> _WHAT IS EXPECTED_
Write every record out again exactly, and keep images out of it.

> _INFORMATION_
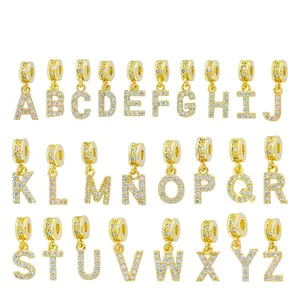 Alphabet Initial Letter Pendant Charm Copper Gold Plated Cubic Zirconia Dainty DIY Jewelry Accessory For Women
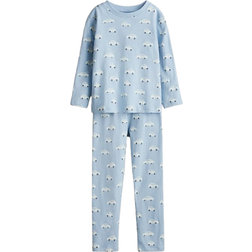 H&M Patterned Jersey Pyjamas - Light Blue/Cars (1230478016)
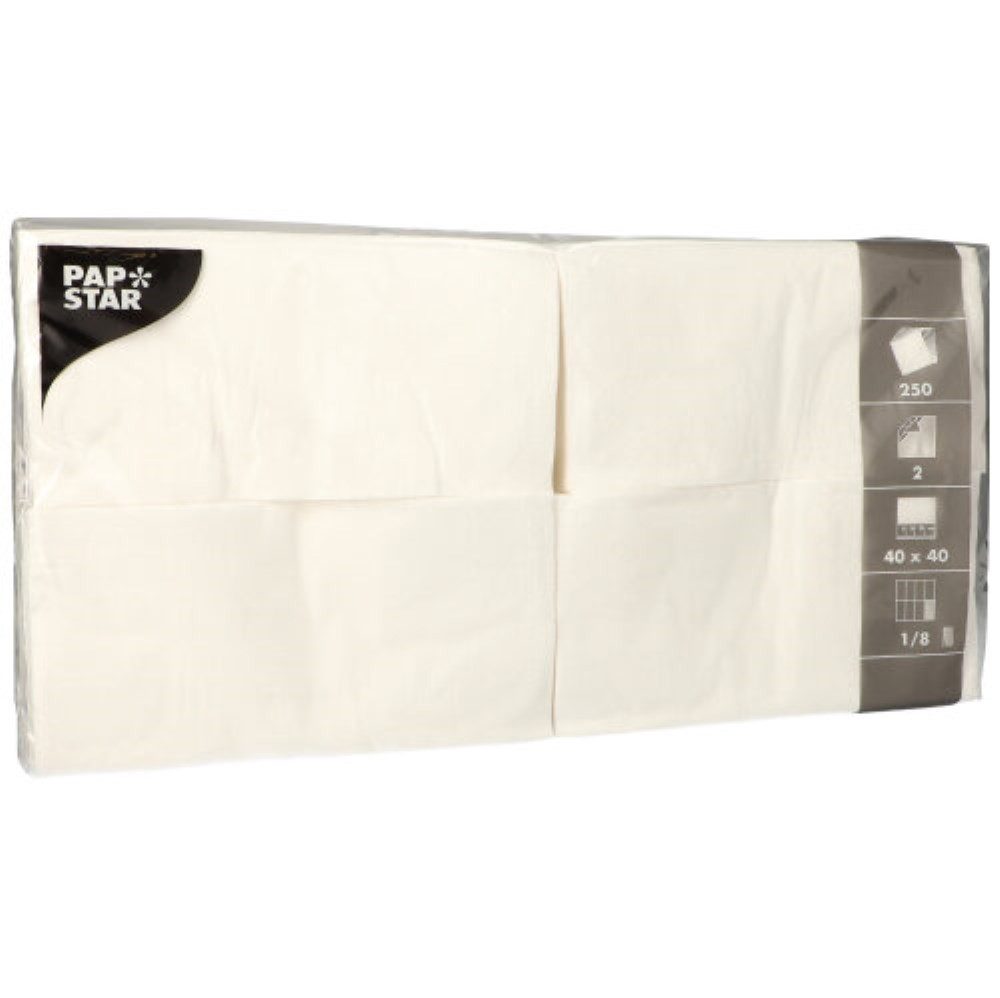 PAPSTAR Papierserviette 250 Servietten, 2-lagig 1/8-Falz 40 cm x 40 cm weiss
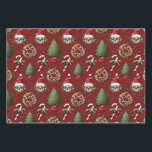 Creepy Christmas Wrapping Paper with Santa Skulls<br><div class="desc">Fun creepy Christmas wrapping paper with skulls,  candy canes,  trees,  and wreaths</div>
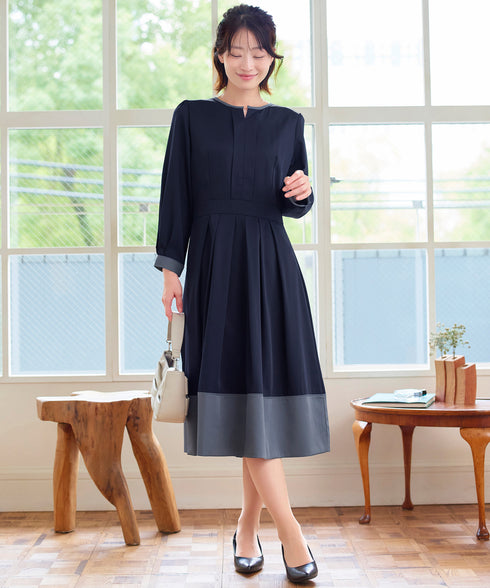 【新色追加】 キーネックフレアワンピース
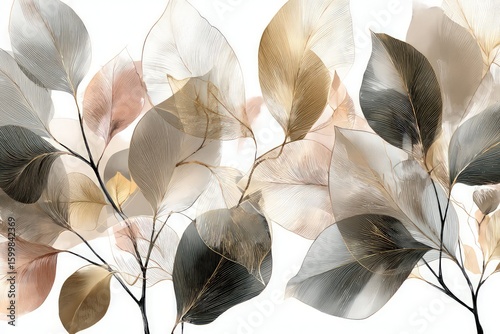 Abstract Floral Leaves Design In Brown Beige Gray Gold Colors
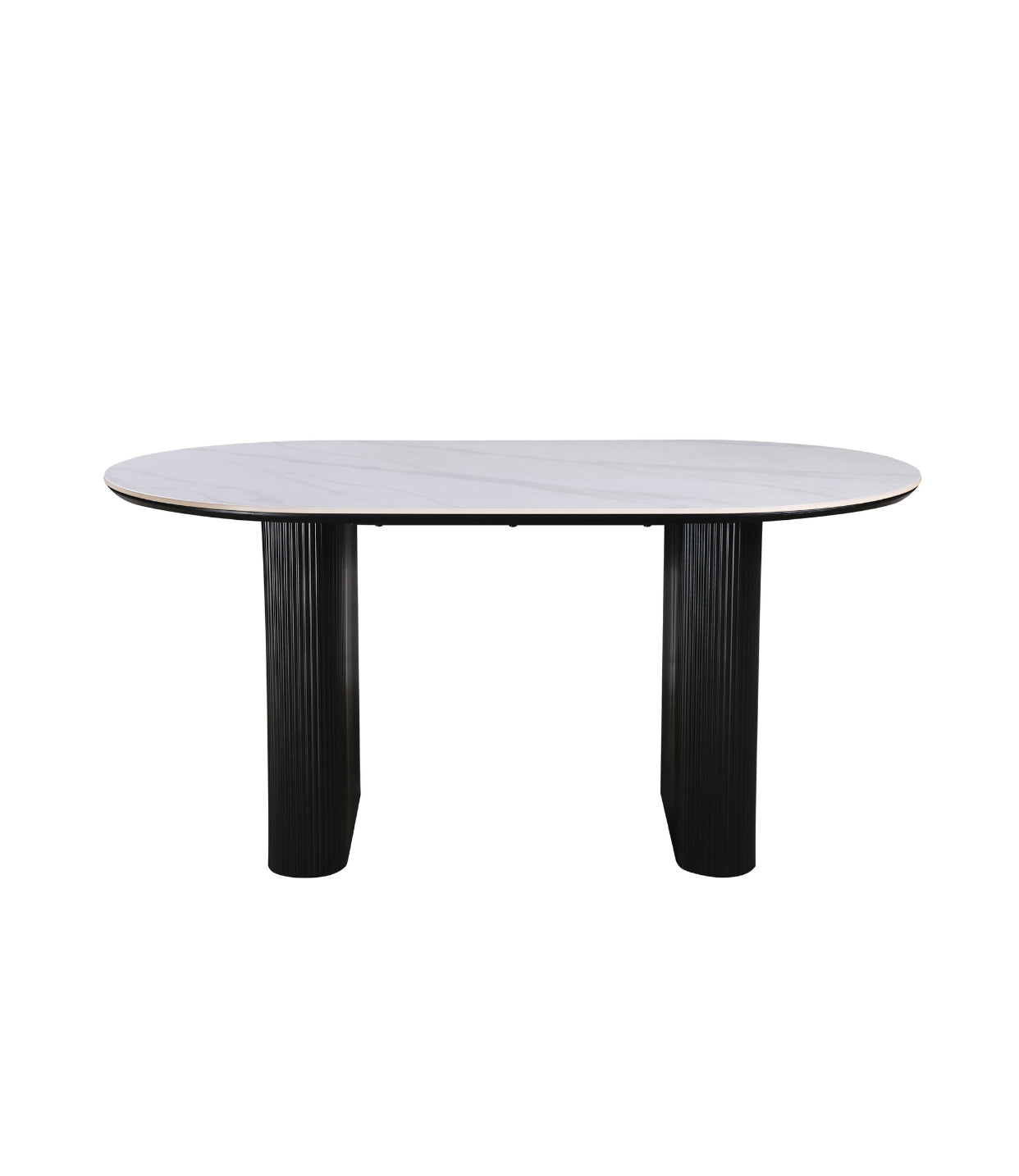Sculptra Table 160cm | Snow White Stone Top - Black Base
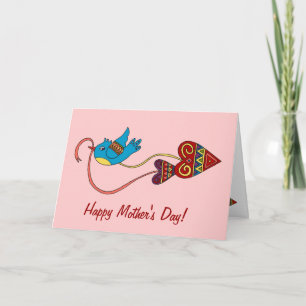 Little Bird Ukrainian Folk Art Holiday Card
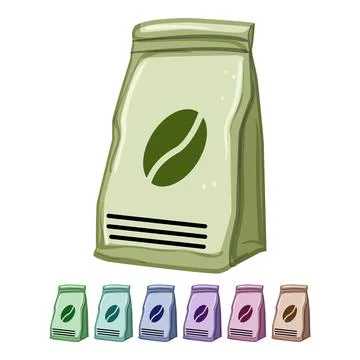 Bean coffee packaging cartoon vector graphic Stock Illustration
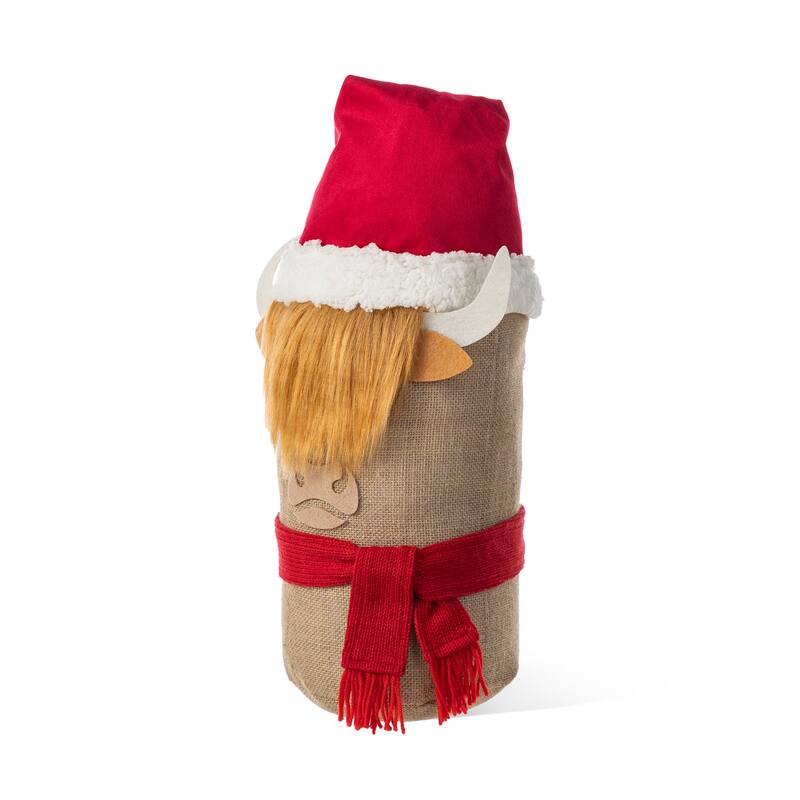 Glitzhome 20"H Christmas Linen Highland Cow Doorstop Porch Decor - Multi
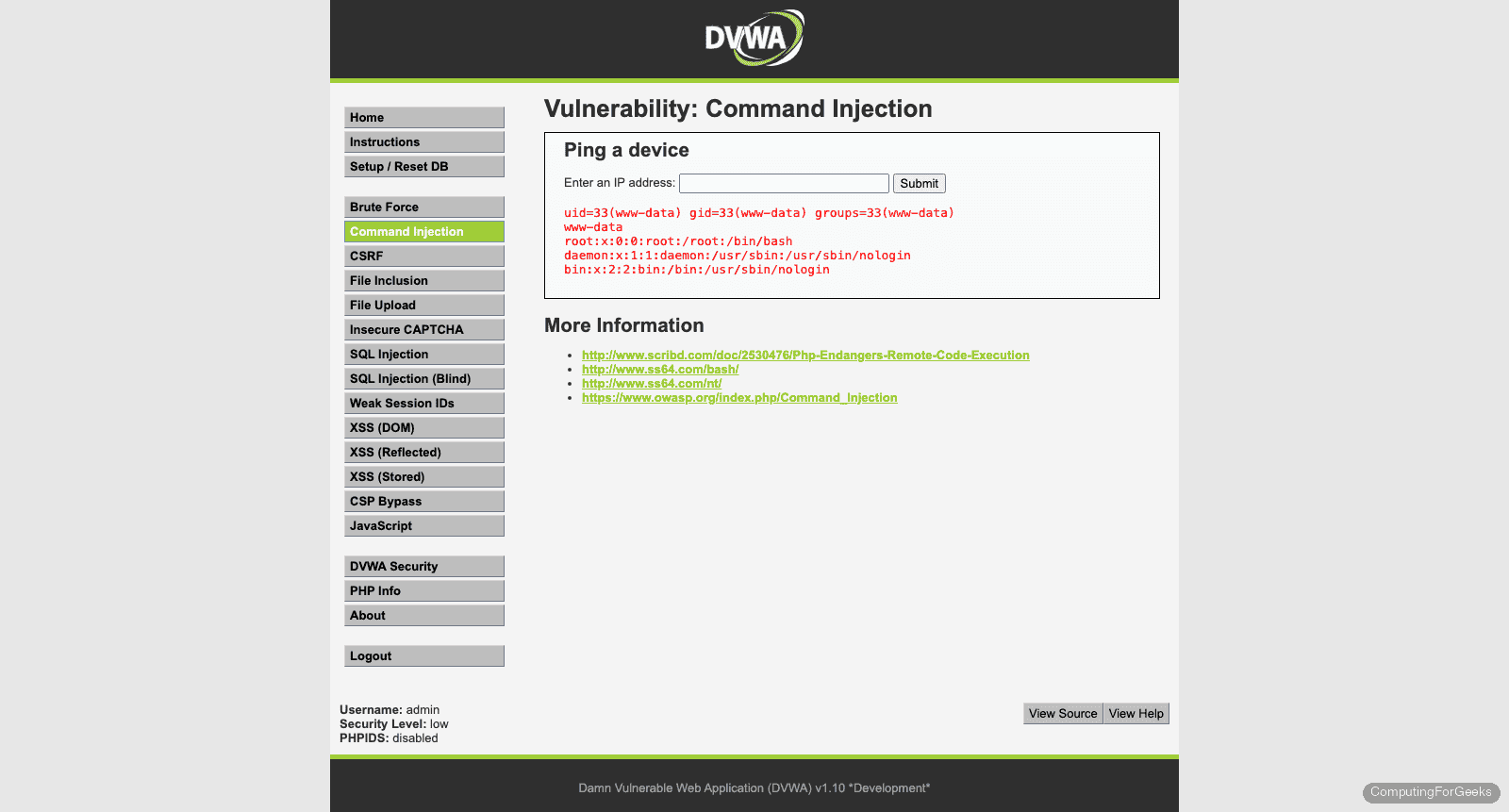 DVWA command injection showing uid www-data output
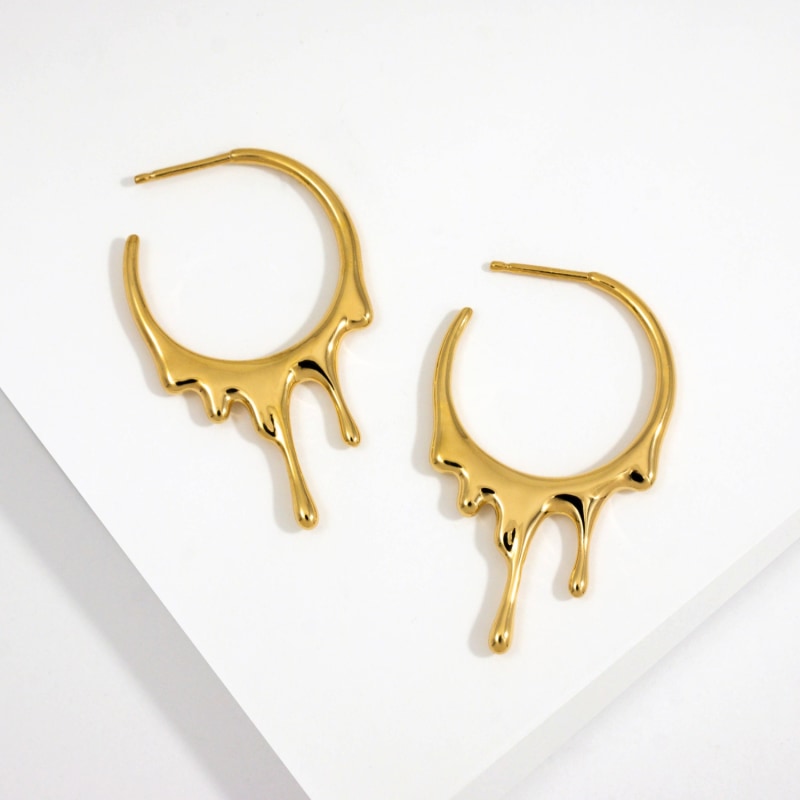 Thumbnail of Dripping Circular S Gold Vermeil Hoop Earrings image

> _EXPECTED ANSWER_
 Alphabet Initial Letter Pendant Charm Copper Gold Plated Cubic Zirconia Dainty DIY Jewelry Accessory For Women
 H&M Patterned Jersey Pyjamas - Light Blue/Cars (1230478016)
 PAPSTAR Papierserviette 250 Servietten, 2-lagig 1/8-Falz 40 cm x 40 cm weiss
 Creepy Christmas Wrapping Paper with Santa Skulls<br><div class="desc">Fun creepy Christmas wrapping paper with skulls,  candy canes,  trees,  and wreaths</div>
 【新色追加】 キーネックフレアワンピース
 Abstract Floral Leaves Design In Brown Beige Gray Gold Colors
Sculptra Table 160cm | Snow White Stone Top - Black Base
 Little Bird Ukrainian Folk Art Holiday Card
 Bean coffee packaging cartoon vector graphic Stock Illustration
 Glitzhome 20"H Christmas Linen Highland Cow Doorstop Porch Decor - Multi
 DVWA command injection showing uid www-data output
 Thumbnail of Dripping Circular S Gold Vermeil Hoop Earrings image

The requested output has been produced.